Sin embargo era incapaz de tomar su principal baluarte,
pues era enorme y temible, poderoso e inexpugnable.
Gran quebranto había ocasionado la plaza de Inglaterra,
pues en ella habían caído nobles señores, varones romanos,
nobles infanzones en busca de gloria;
gran desventura habían sufrido por ambos bandos.
¡Y por la hermosa verdad, os juro que no miento,
pues si hubieran contado con naves para huir a bordo de ellas,
si se hubieran fiado a la flota para salir en desbandada,
habrían regresado fracasados y con un gran baldón!
Mas como no tenían modo de escapar, se aprestaron para la muerte.
Insisten, redoblan su embate y reanudan la guerra
presentando batalla cual fieras salvajes,
y por ambas facciones perecía una multitud de soldados.

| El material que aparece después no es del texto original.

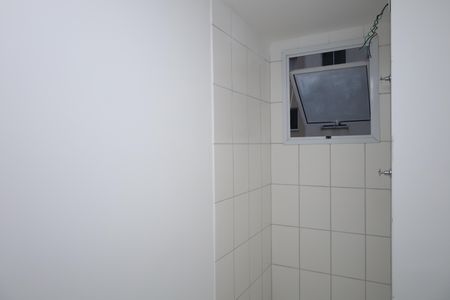 Apartamento para alugar com 41m², 2 quartos e sem vagaBanheiro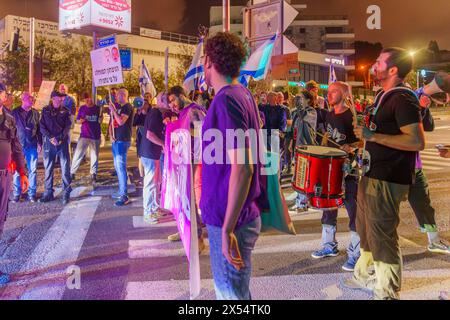 Haifa, Israel - 4. Mai 2024: Polizei konfrontiert Demonstranten während einer Protestkundgebung gegen die Regierung. Haifa, Israel Stockfoto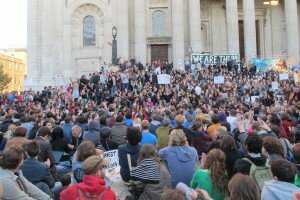 Occupy_London_crowd_assembly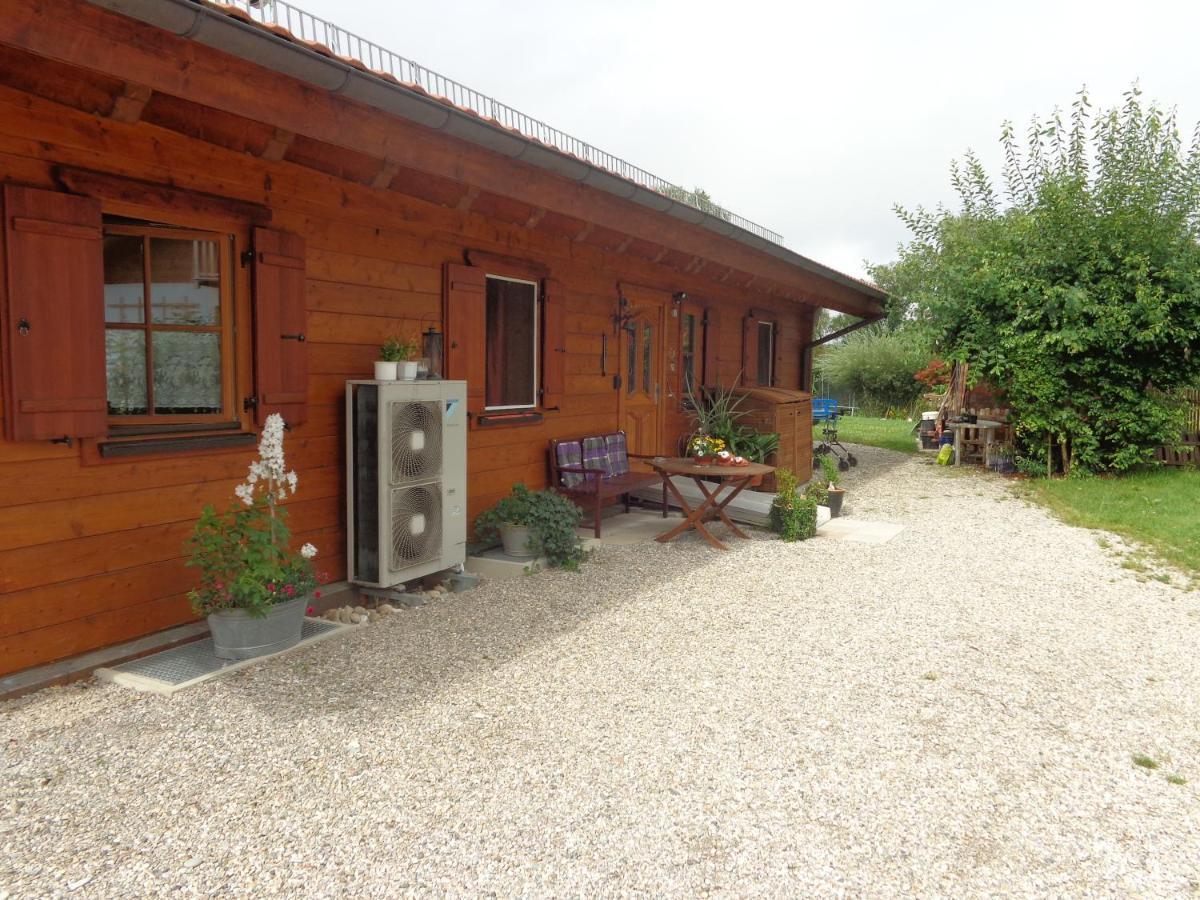 Barrierefreies Zimmer Im Blockhaus Mit Sauna Am See Soyen Dış mekan fotoğraf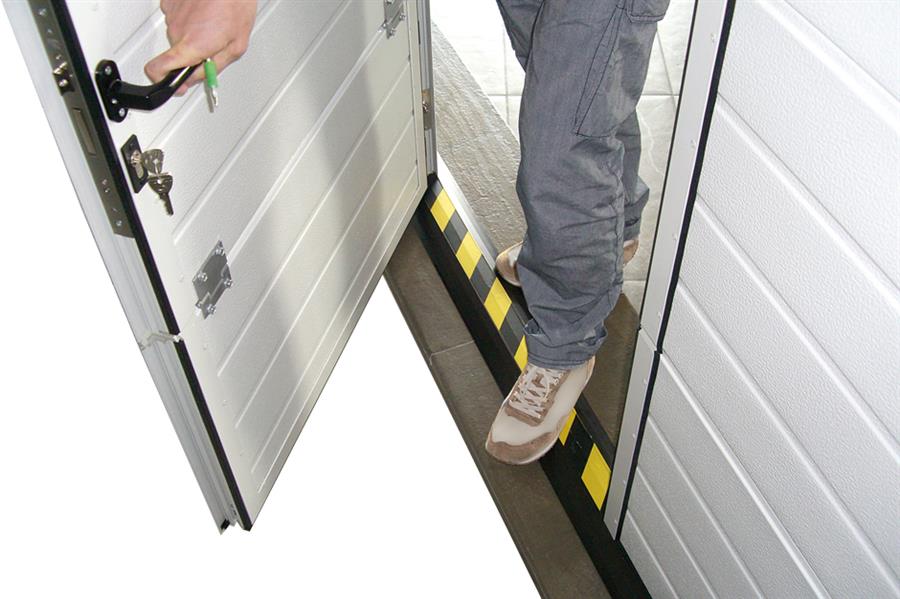 Pedestrian door with lowered threshold (optional) of 3 cm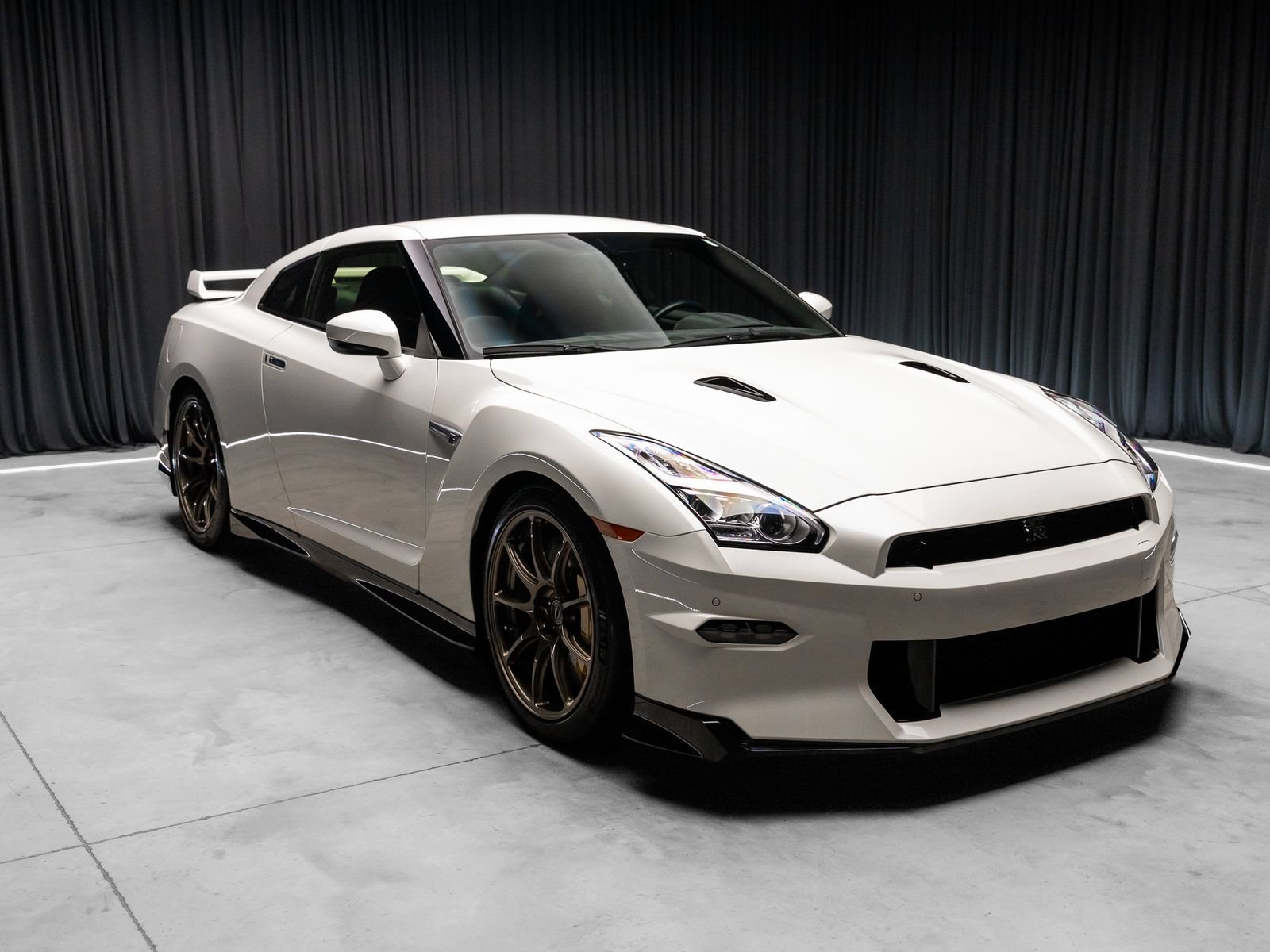 Used 2024 Nissan GT-R w/ Floor Mat Package AWD/4WD image 14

Construyen escalas de madera para asaltar el castillo,
y van mordiendo con sus espadas, bañándose en sangre;
los guerreros descolgaban sus cuerpos al asalto de la fortaleza.
El primero en pisar el castillo de Inglaterra
tenía por nombre Alexio, y el segundo Petralifas,
hombres del pueblo, de modestos orígenes,
gentes sin varas de mando, desamparados y de condición humilde,
pues no se trataba de Asanes, ni de Paleólogos.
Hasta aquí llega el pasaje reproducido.